Their captors ordered them to ‘convert to Islam or die’, and tried to
marry them off as bush-wives to Boko Haram fighters. Victoria, who
managed to escape, described her experiences to an audience at the House
of Lords at an event to mark the launch of a major new report on the
persecution of Christians worldwide. It was compiled by the charity Aid
to the Church in need.
It is believed to be the first time that one of Boko Haram’s thousands
of schoolgirl victims had travelled to Britain to give evidence about
their ordeal. The group’s use of women as chattels and sex-slaves gained
worldwide attention last year when it kidnapped more than 200
schoolgirls from the North-east Nigerian town of Chibok, most of whom
are still missing.
The report highlighted the plight of Christians in both Africa and the
Middle East in the face of murderous campaigns by Islamic extremists.
It said that Africa’s Christian community – one of the few where the
church is still thriving worldwide – is now under serious threat thanks
to Boko Haram in Nigeria and al-Shabaab in Kenya.
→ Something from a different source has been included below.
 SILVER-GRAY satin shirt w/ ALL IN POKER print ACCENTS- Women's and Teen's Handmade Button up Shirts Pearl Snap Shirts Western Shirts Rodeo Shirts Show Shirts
It also warned that if the current flight of Christians from Iraq
continues at its current pace, the country could have no Christians left
in five years time.
Speaking to the London-based Telegraph newspaper ahead of the report’s
launch, Victoria told how she was seized along with her mother and five
siblings when Boko Haram attacked Baga just after New Year. The raiding
party had split into three separate groups of “shooters, looters and
recruiters” – the first to fight Nigerian troops, the second to rob
local banks and shops, and the third to kidnap new recruits for the
“caliphate”.
“We heard shooting and the sound of bombs in the early hours of the
morning, and at first I thought it was the Nigerian army trying to
protect us,” she said. “Then I realised it was Boko Haram.
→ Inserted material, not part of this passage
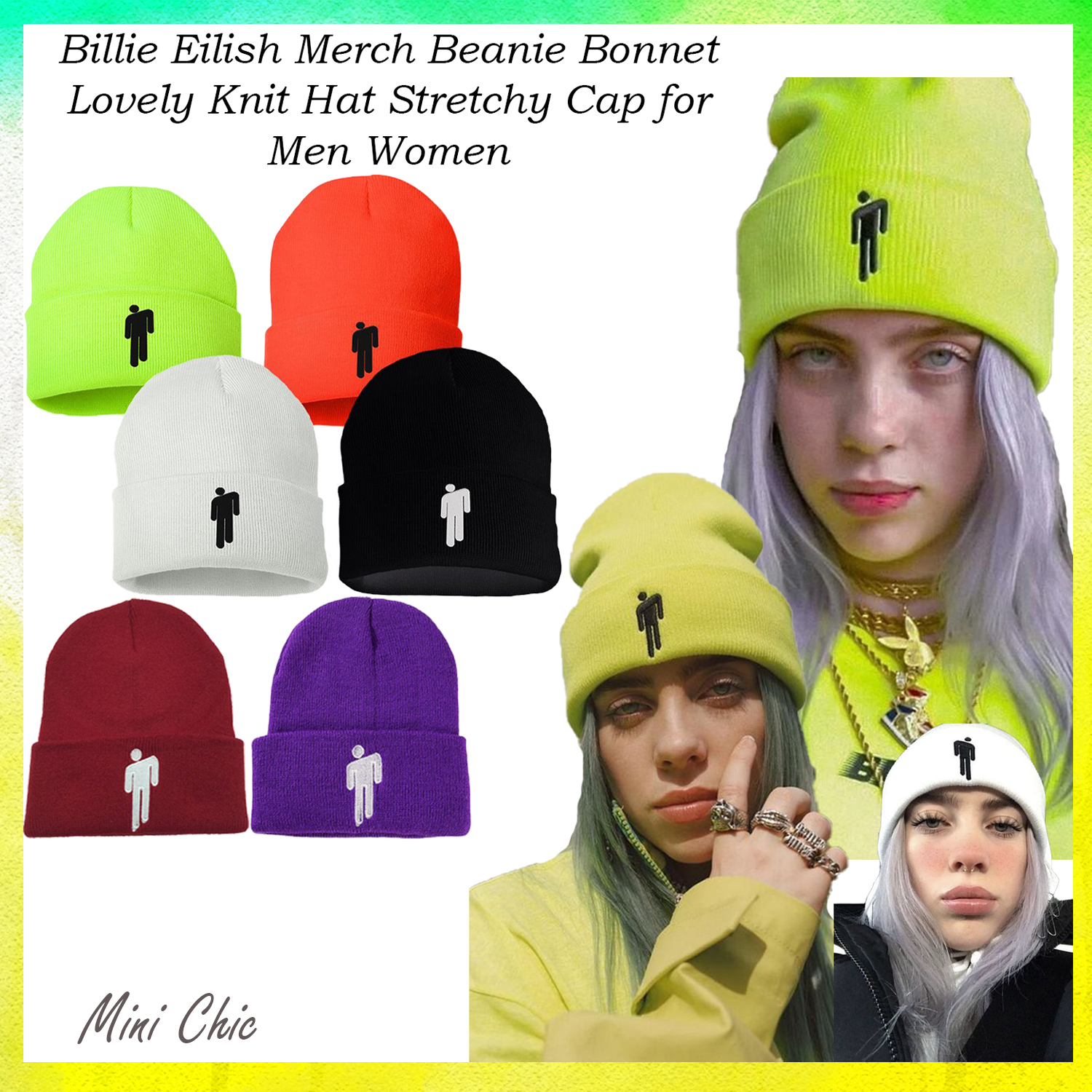 帽子 [0] BILLIE EILISH NEON GREEN BEANIE Rock Off Blohsh Hat Green at Amazon Men's Clothing store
Those Boko Haram members whose duty is to take women and children for
their caliphate took our entire family and made us walk on foot to one
of their camps.”
En route, she said, she saw numerous corpses of people who had been
killed and beheaded by the group, with bullet cases “scattered like
raindrops” everywhere.
She then spent two weeks at a makeshift Boko Haram camp on the outskirts
of Baga, which by then was completely in the militants’ hands.
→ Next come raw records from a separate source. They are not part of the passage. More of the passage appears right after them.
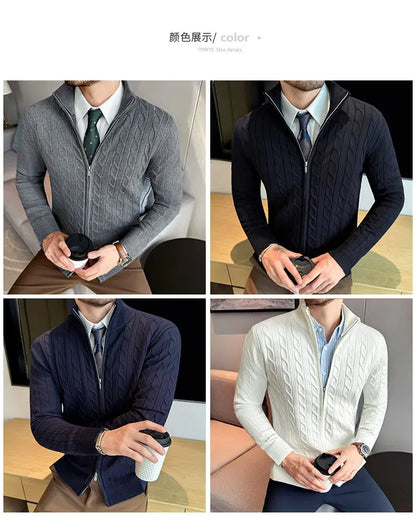 Men's Sweater Autumn Winter New Slim Fit Stand Collar Zipper Knitted Cardigan Fashion Solid Color Warm Stretch Knit Tops Coats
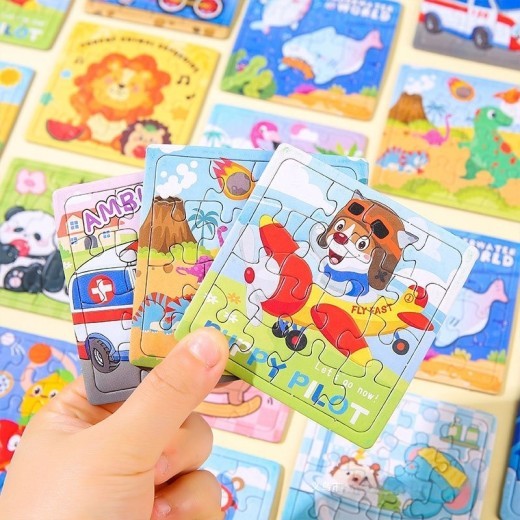 16 Children's Puzzle Toys Cartoon Mini Jigsaw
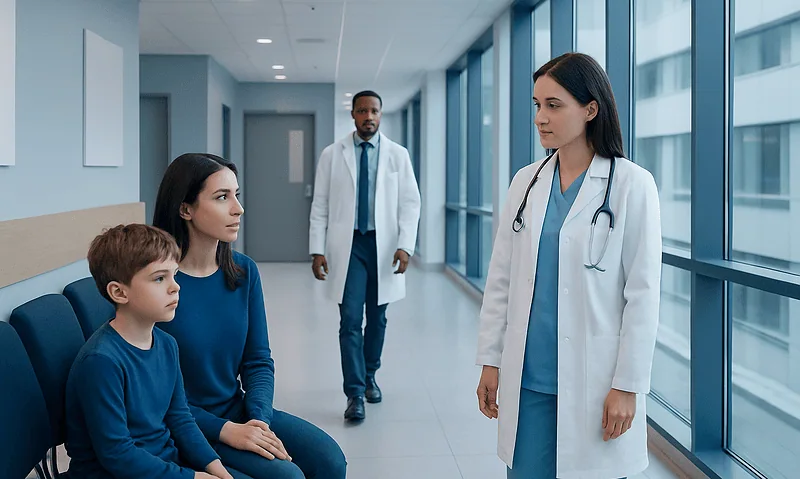 Child and mother consulting with a doctor in a hospital corridor.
“Every morning they took the hostages for training at Islamic school. They would say the Koran is the religion God had for you,” she added.
Victoria said she was able to fool the militants into thinking she was a
Muslim by pretending to perform the “buta”, a Hausa word that describes
the ritual ablution that Muslims perform before prayer. There were
Muslim captives among the hostages who knew she was a Christian but they
chose not to tell the militants, she said.
She and the rest of her family eventually escaped one night when the
fighters went out to kidnap more people. “I knew what had happened to
the Chibok schoolgirls and was very scared,” she added. “Were it not for
God we would probably all be dead by now.”
Victoria has been accompanied to the UK by Father Gideon Obasogie, a priest in the city of Maiduguri, where she is now living.
He said that when he had first met her, she found it impossible to
relate her ordeal without breaking down in tears. “The church has been
trying to organise counselling sessions for these victims of Boko
Haram,” he said. “Simply offering them confessional is not enough.”